En conséquence, la Cour d’appel de Versailles a :

  • condamné le vendeur à verser 10 125 € au titre du préjudice de jouissance, correspondant à une perte de chance de louer le bien, évaluée à 50 % des gains locatifs potentiels ;
  • condamné le vendeur à 6 229 € pour les travaux de raccordement ;
  • confirmé que l’agent immobilier n’avait pas commis de faute, faute d’avoir été informé par le vendeur de la non-conformité du bien.

Portée et enseignements de la décision

Cette décision rappelle plusieurs points essentiels :

  • Le vendeur engage sa responsabilité contractuelle lorsqu’il délivre un bien non conforme aux informations portées dans l’acte, notamment sur le raccordement au réseau d’assainissement collectif.
  • Le préjudice de jouissance des acquéreurs peut être indemnisé sous la forme d’une perte de chance de louer, à condition qu’elle soit certaine et directe.
  • L’agent immobilier, même rédacteur de l’acte, n’est pas tenu de vérifier l’exactitude des informations techniques déclarées par le vendeur, sauf indice contraire ou information reçue.

La Cour d’appel de Versailles adopte ainsi une position équilibrée : la faute du vendeur est caractérisée, mais la neutralité de l’agent immobilier est préservée en l’absence d’alerte ou de manquement spécifique.


Conclusion

Le vendeur reste seul responsable de la conformité du bien vendu et de l’exactitude des mentions figurant dans l’acte de vente.
En revanche, l’agent immobilier ne peut être tenu de garantir le vendeur qu’en cas de faute caractérisée ou de réticence fautive.

Cour d’appel, Versailles, Chambre civile 1-3, 2 octobre 2025 – n° 22/03052

FAQ

Le vendeur est-il responsable si le bien n’est pas raccordé au tout-à-l’égout ?
Oui.
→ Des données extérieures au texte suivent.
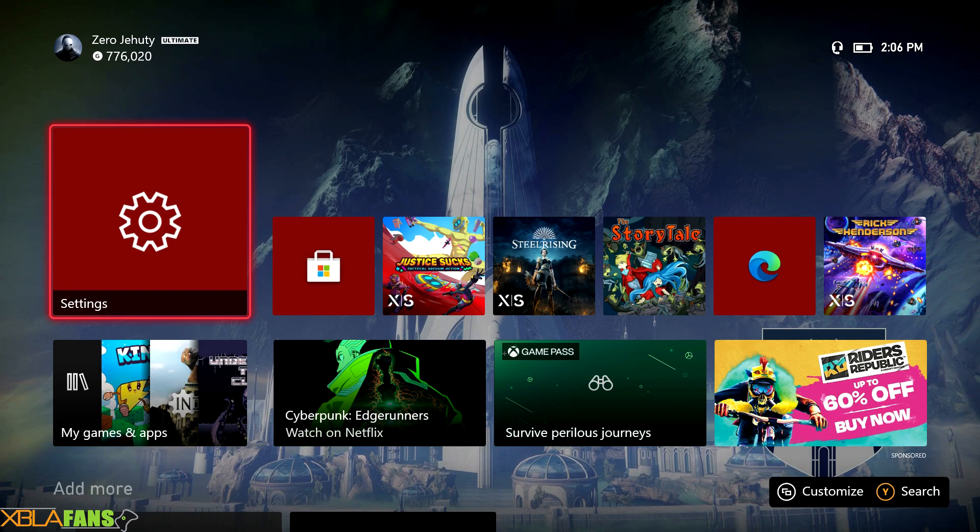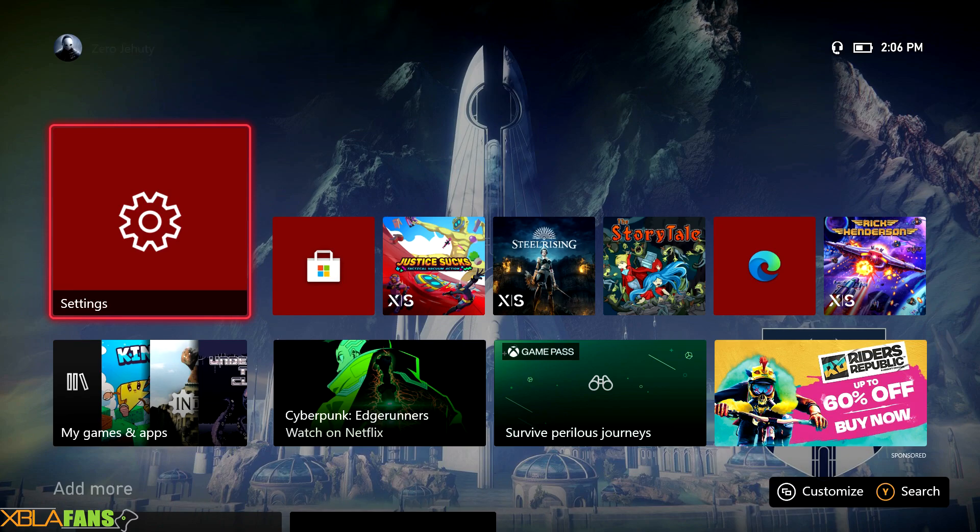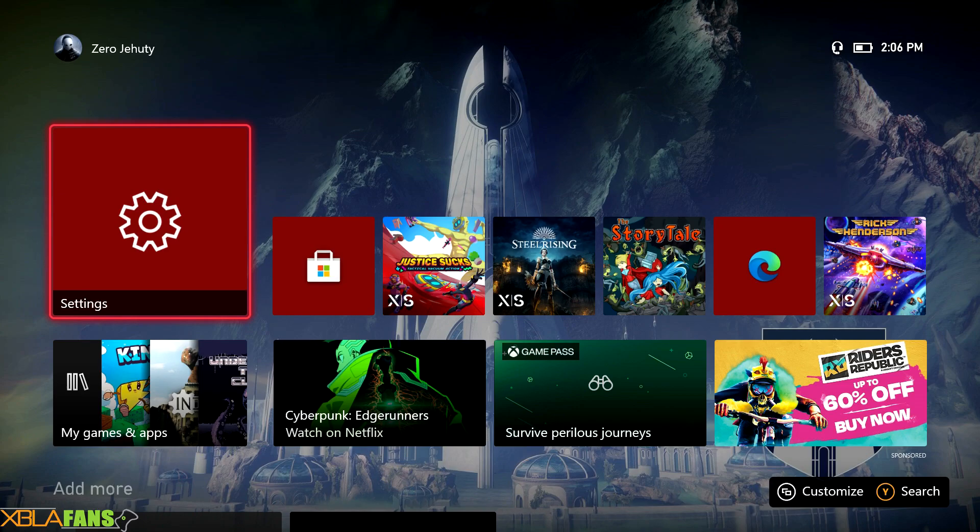Hey everyone, Zero JD here with the xplayfans channel. I'm here with a tutorial for people who might be having issues with notifications not showing up for achievements, friends signing on, party invites, anything like that.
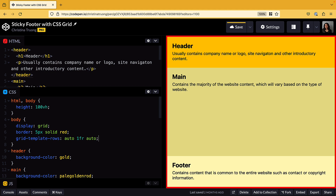And that's it! You now have a sticky footer. The main area will always take up the remaining space, regardless of the amount of content. This means the footer will always remain at the bottom of the page.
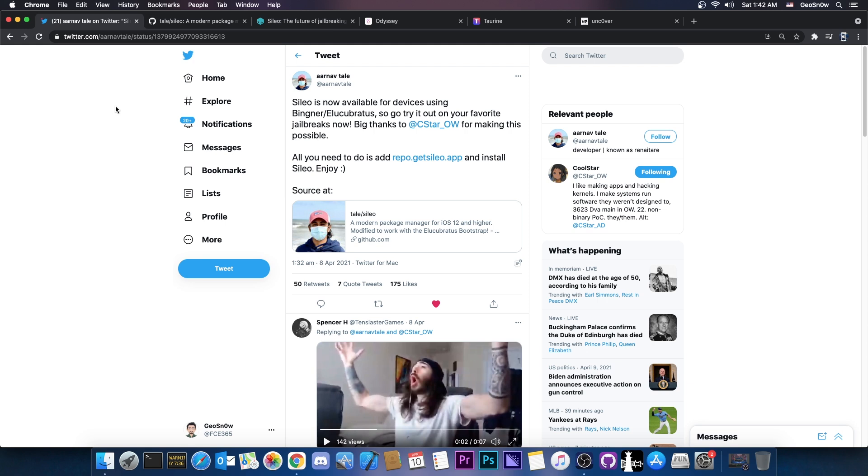This is intended to work properly and Coolstar knows about this and they allowed this and they helped with this. This developer here didn't just hack Sileo to make it work orally with Unc0ver. No, they actually ported it properly so that it works fine with the Elucubratus which is actually great.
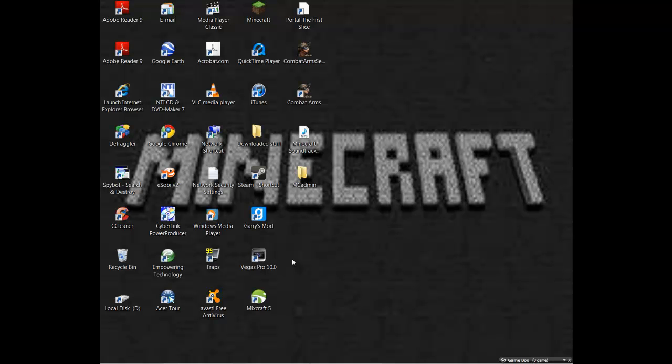Hey guys, BlockJuck here and today I'm just going to be showing you how to use Fraps and how to record it with Minecraft.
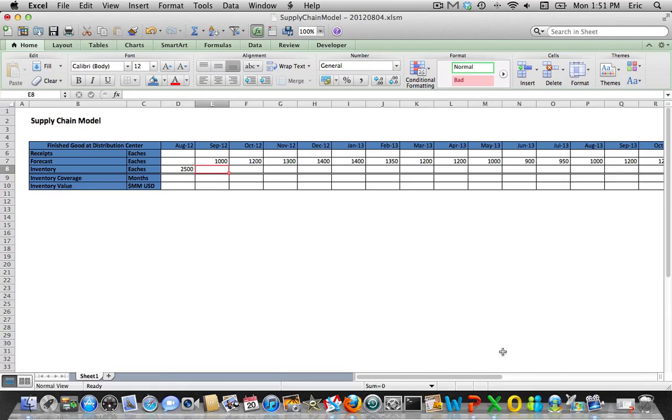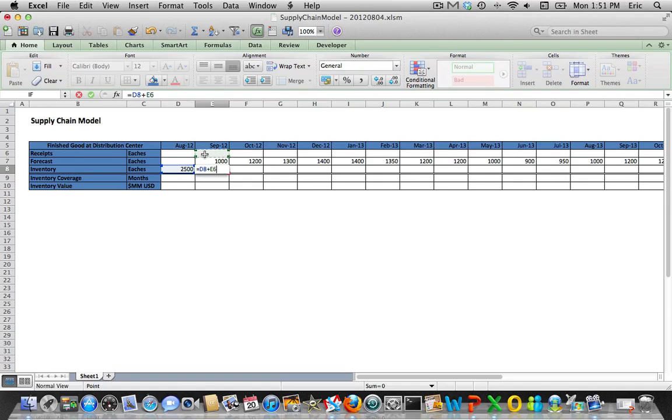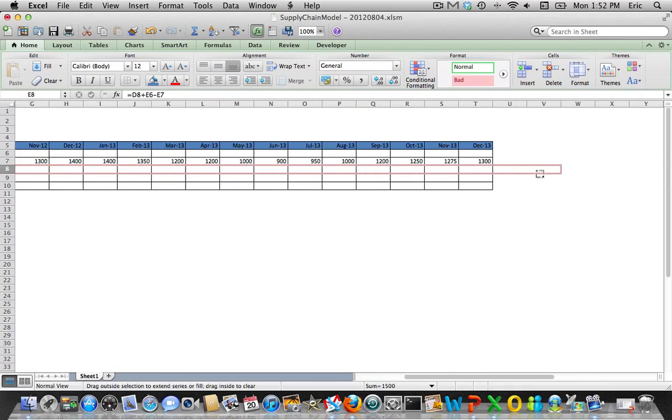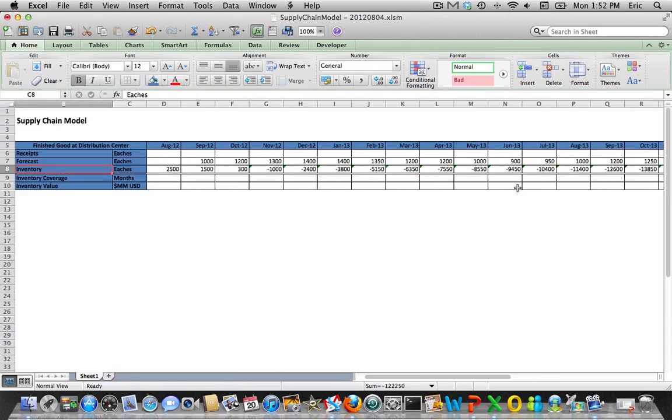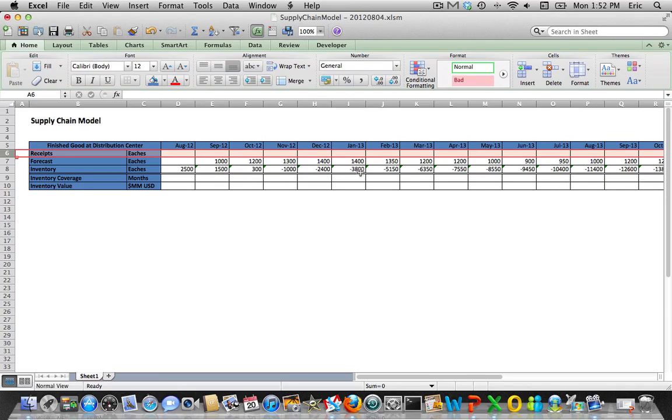Now we need to fill in our calculations for the inventory balance going forward. This goes back to that balance equation we spoke about at the beginning. Our ending inventory for September 2012 is the beginning inventory for the period plus whatever's received minus the demand or sales. Beginning inventory for September equals the ending inventory of August, plus receipts, minus demand. That gives us our ending inventory level for September. We can drag that formula forward.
Le vendeur manque à son obligation de délivrance conforme et doit indemniser l’acquéreur.

L’agent immobilier doit-il vérifier la conformité de l’assainissement ?
Non, sauf s’il a été informé d’un problème ou s’il disposait d’éléments révélant la non-conformité.

Peut-on louer un logement non raccordé au tout-à-l’égout ?
Oui, à condition qu’il dispose d’un système autonome conforme et entretenu, ce qui n’était pas le cas ici.